Dealing with ileus post-ostomy surgery


In hospital
This was taken straight after I woke up from surgery at St James Hospital, Leeds. The morphine button was close at hand!

Having just had my ostomy surgery two weeks ago, the first and hardest obstacle in my experience to recovering is ileus.

For those that are not familiar ileus is a temporary paralysis of the bowels post op in protest to being man-handled during surgery.

I’ve found out that ileus is a complication that 20 per cent of bowel surgery patients have to unfortunately contend with and the symptoms of extreme nausea, bloating and physical sickness are not nice to have to put up with.

And unfortunately, there is very little that can be done about it other than essentially waiting for your bowels natural rhythms to re-awaken.

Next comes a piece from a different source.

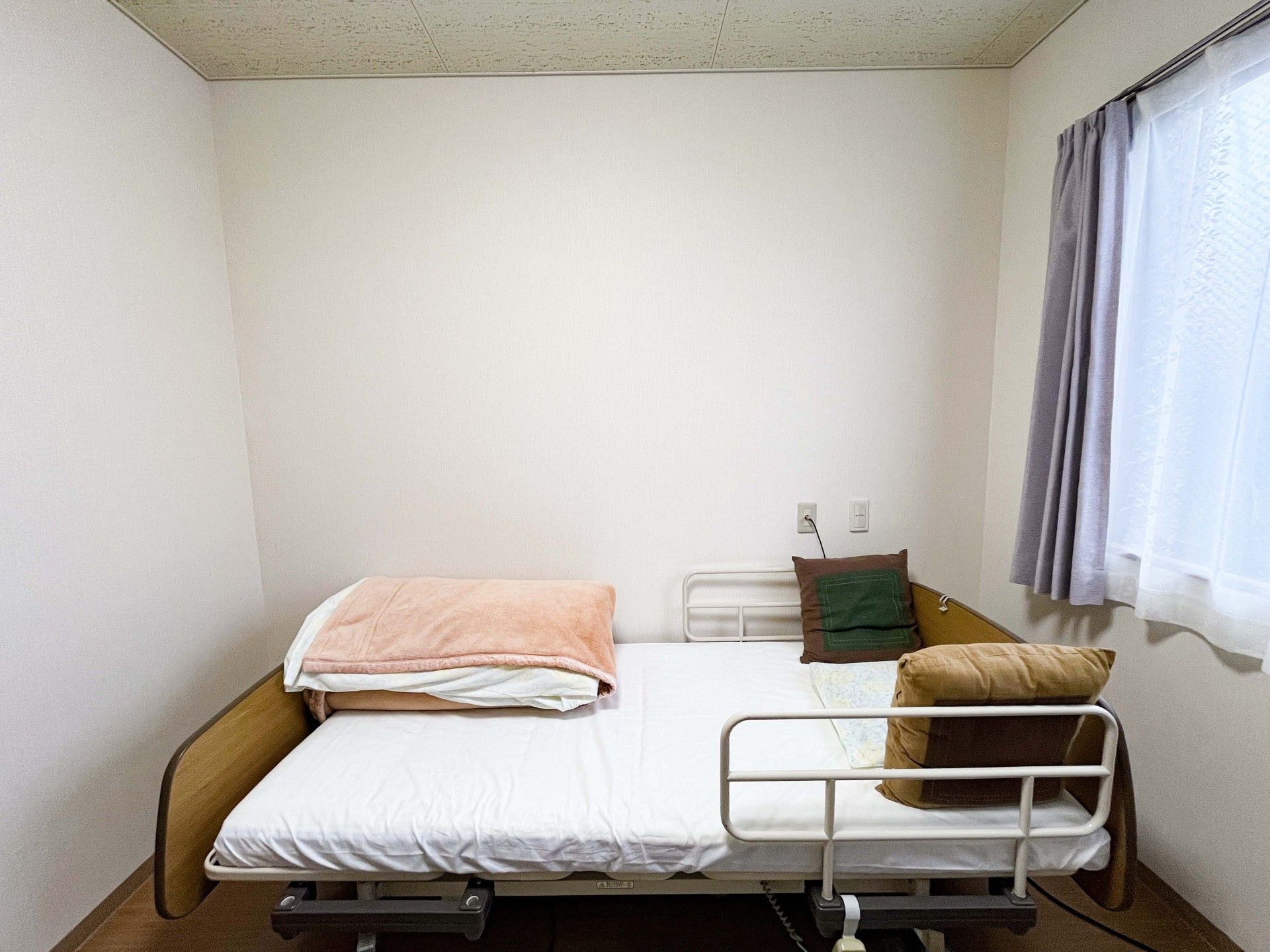 シンプルなベッドルーム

If only there was a magic pill!

My ostomy surgery was two weeks ago now and I was really hoping I would avoid the trials of ileus complications, but deep down I knew that my bowels probably would take several days to wake up and so I braced myself for it. As this is what has happened in the past to me with previous stoma surgery shutting down my bowels for 10 long days.

So sure enough, my bowels went on strike again post op as kind of expected and this time took seven days to wake up. As a consequence, during this time I dealt with waves of horrible nausea, physical sickness, bloating, and generally feeling pretty dreadful. It’s one thing recovering from the surgery and effects of general anaesthetic, but when ileus is thrown into the mix it makes things way harder!

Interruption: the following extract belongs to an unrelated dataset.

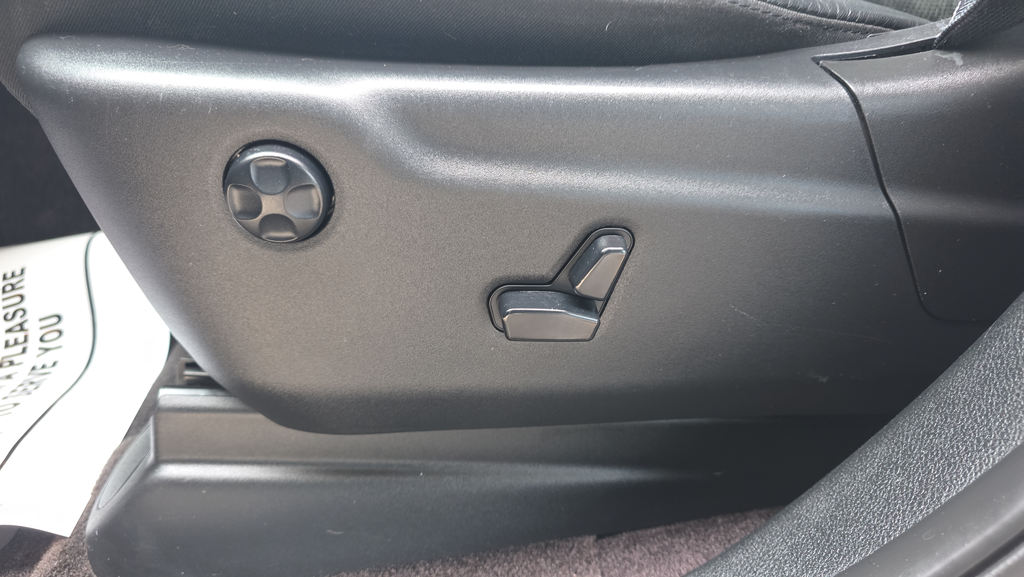 Certified Used 2018 Black Jeep Altitude image 16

If it wasn’t for ileus, I really don’t think the surgery would be too bad to recover from in the grand scheme of things. As the actual incision pain is manageable with meds, but there is hardly anything simple that can be done to relieve ileus.

This time I managed to avoid an NG tube but at one point was actually considering electing for it to try and ease my bloating and constant nausea. Instead, I pretty much went nil-by-mouth for seven days whilst I waited for my bowels to wake up and my digestive system to kick start. Thank goodness for IV drips as I really wasn’t able to drink anything for about seven days.

Despite this representing my 6th bowel surgery, I do not find that this means things get any easier. If anything, having knowledge of what are the tricky bits are can increase apprehension I find. It’s safe to say that I am glad to be back at home, eating and generally now on an upward trajectory I hope.

I figure I have lost around one stone in weight and in a couple of days am due to have my staples removed at my local doctors.